Un día después, madre e hija ya estaban instaladas en una casa de alquiler cerca del mar. A Rebeca le correspondía ese día terminar de organizar los mostradores con las prendas de orfebrería que ellas mismas habían elaborado y abrir la tienda.
Por suerte, llegaron a La Costa en época de vacaciones escolares, era común ver a turistas ansiosos por hundirse en las templadas aguas del mar Caribe, posibles clientes que las ayudarían a mantener el trabajo que las hacía sentirse independientes.
Sin embargo, ambas eran conscientes de que la mayor fuente de ingresos con la que contaban provenía de la cosecha de cacao de la que su padre había sido socio, pero Marian no quería sentirse atada a ese dinero, pretendía simular que teniéndolo o no, igual podían subsistir.
Rebeca la apoyaba para evitar que la mujer volviera a caer en una depresión causada por el estrés, aun sabiendo que si no recibían ese beneficio sus finanzas entrarían en serios problemas.
Como ocurría en ese momento. Por eso aceptaron la invitación de los líderes de visitar La Costa y solventar los inconvenientes.
Mientras Marian se reunía con Pablo y con otros miembros de la sociedad, ella se distraía en la organización de los estantes.
El día estaba soleado y comenzaba a vislumbrarse la llegada de turistas.
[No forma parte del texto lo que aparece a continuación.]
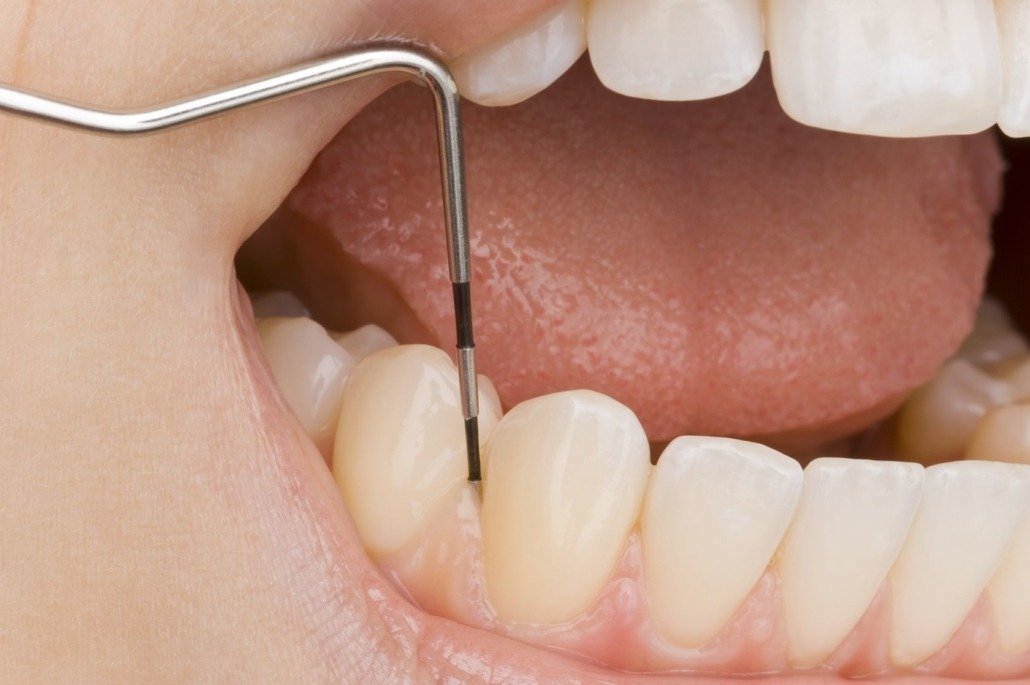 Endodontie-1
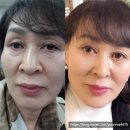 인셀덤we | 인셀덤 사용후기!!! 단계별로 살펴볼까요?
El olor del mar y el sonido cercano del romper de las olas despertaron los pocos recuerdos que su mente mantenía de esa región y la hicieron sonreír.
Recordó las tardes de juegos en la playa, las risas y las caricias de la brisa marina; los brazos fuertes de su padre que la alzaban en dirección al cielo, las largas caminatas por la cosecha y el sonido incesante de los tambores.
Ese retumbar le hizo perder la alegría.
Quedó estática parada en medio del local siendo invadida por el frío fúnebre que agitaba sus pesadillas.
Se había esforzado por controlar esas emociones, pero La Costa le hacía una mala jugada al regresarlos a su memoria.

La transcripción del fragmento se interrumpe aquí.